_Task input_
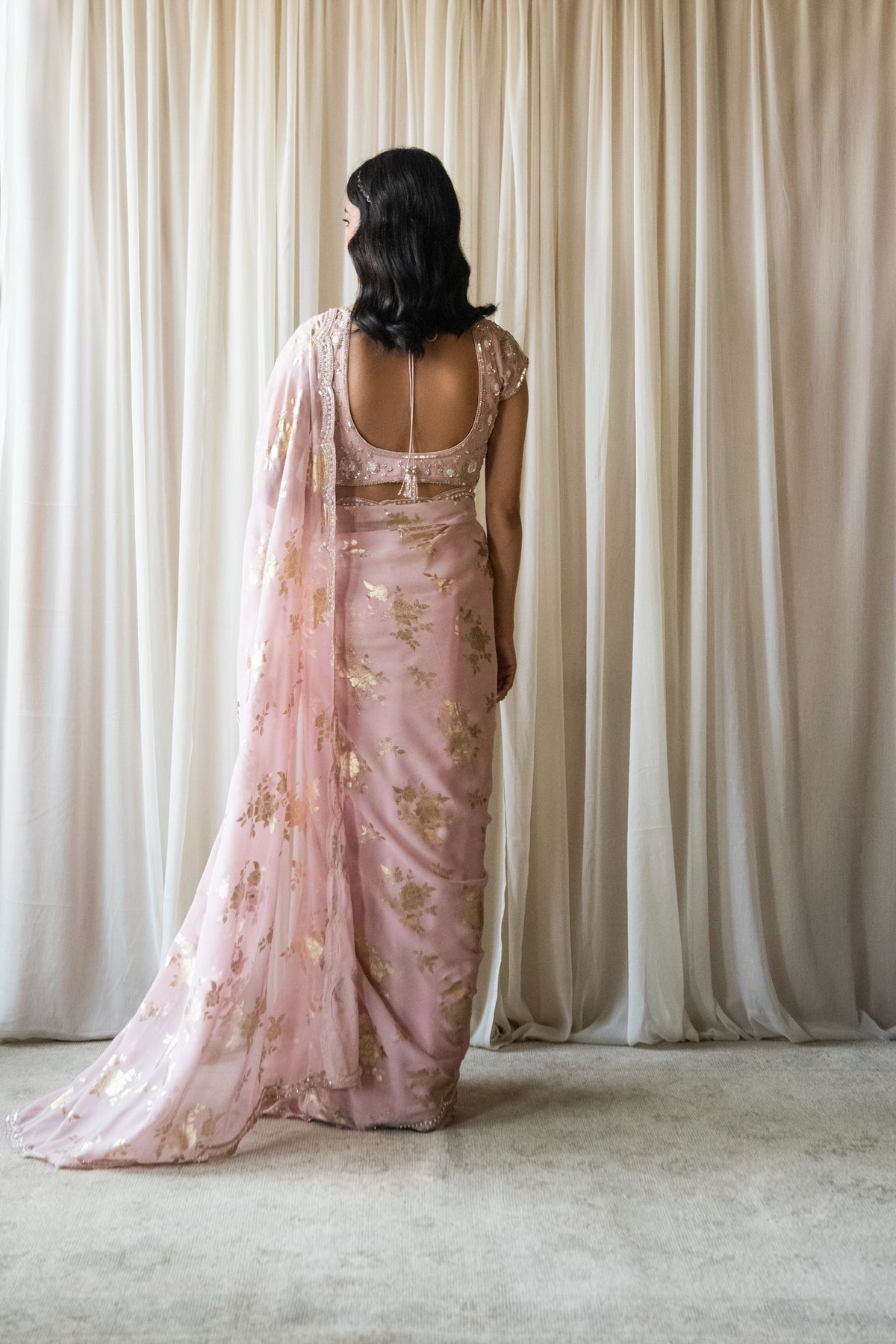 Pink Foil Print Saree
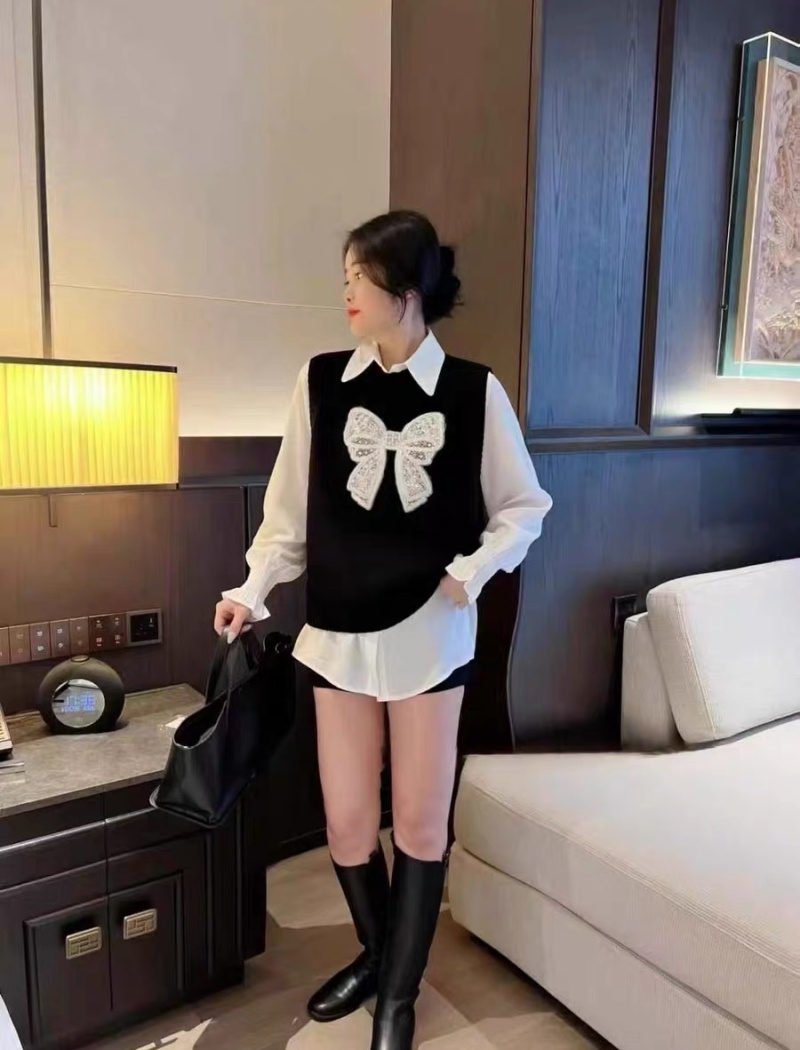 Korean style slim fashion all-match bow vest for women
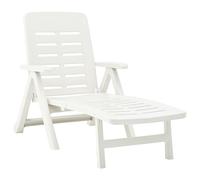 Folding Sun Lounger Plastic White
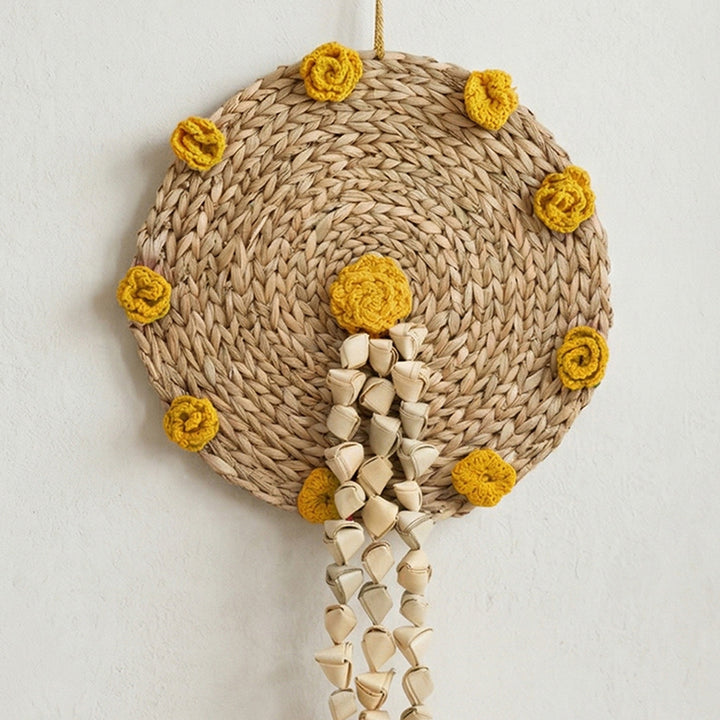 "Genda" Handcrafted Chamba Wall Hanging With Crochet Marigolds For Festive Decor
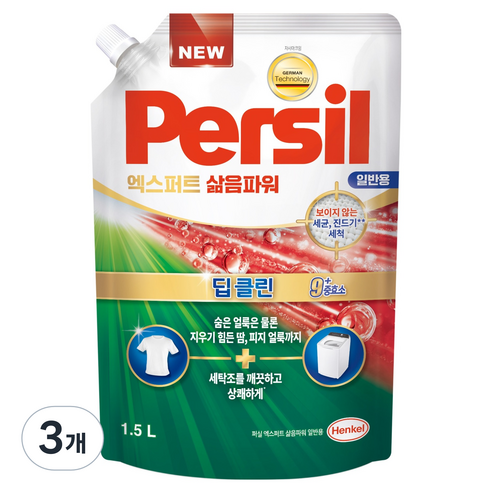 퍼실 엑스퍼트 삶음파워 일반용 액상세제 리필, 1.5L, 3개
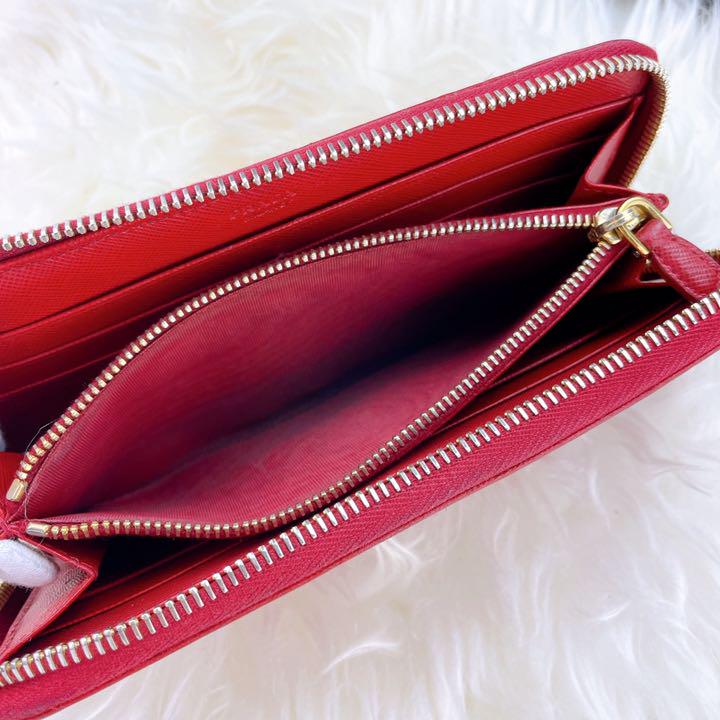 をさせてい ✨美品✨ ラウンドファスナー アイコン サフィアーノ 9kQLf-m13080943693 PRADA 長財布 レッド すので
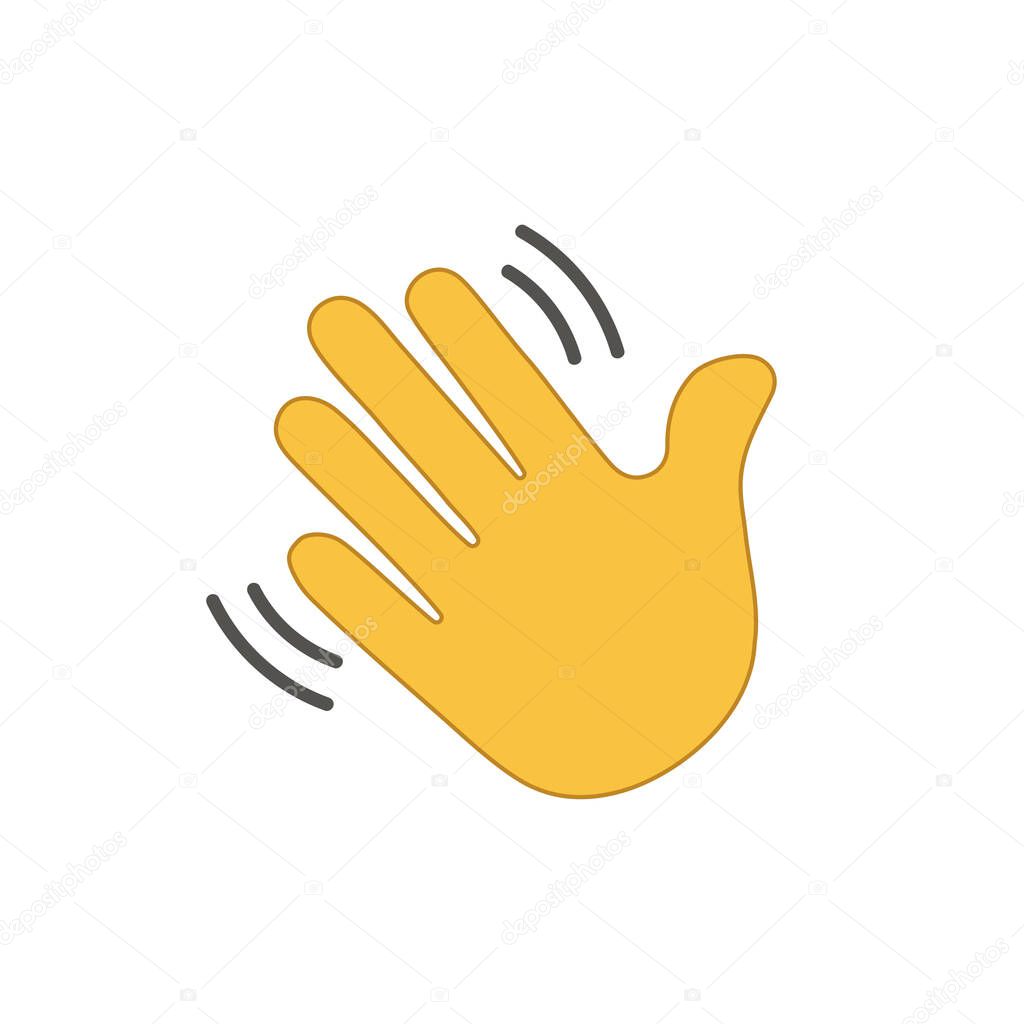 Clubhouse icon with slogan Drop-in Audio. Vector icon symbolizing gesture wave hand, hello, hi, bye, goodbye, hey. Clubhouse logo app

_Task requirements_
Beginning with the line that holds "퍼실 엑스퍼트 삶음파워 일반용 액상세제 리필, 1.5L, 3개", return each line through the end of the records above exactly. Do not include pictures.

_Task answer_
 퍼실 엑스퍼트 삶음파워 일반용 액상세제 리필, 1.5L, 3개
 をさせてい ✨美品✨ ラウンドファスナー アイコン サフィアーノ 9kQLf-m13080943693 PRADA 長財布 レッド すので
 Clubhouse icon with slogan Drop-in Audio. Vector icon symbolizing gesture wave hand, hello, hi, bye, goodbye, hey. Clubhouse logo app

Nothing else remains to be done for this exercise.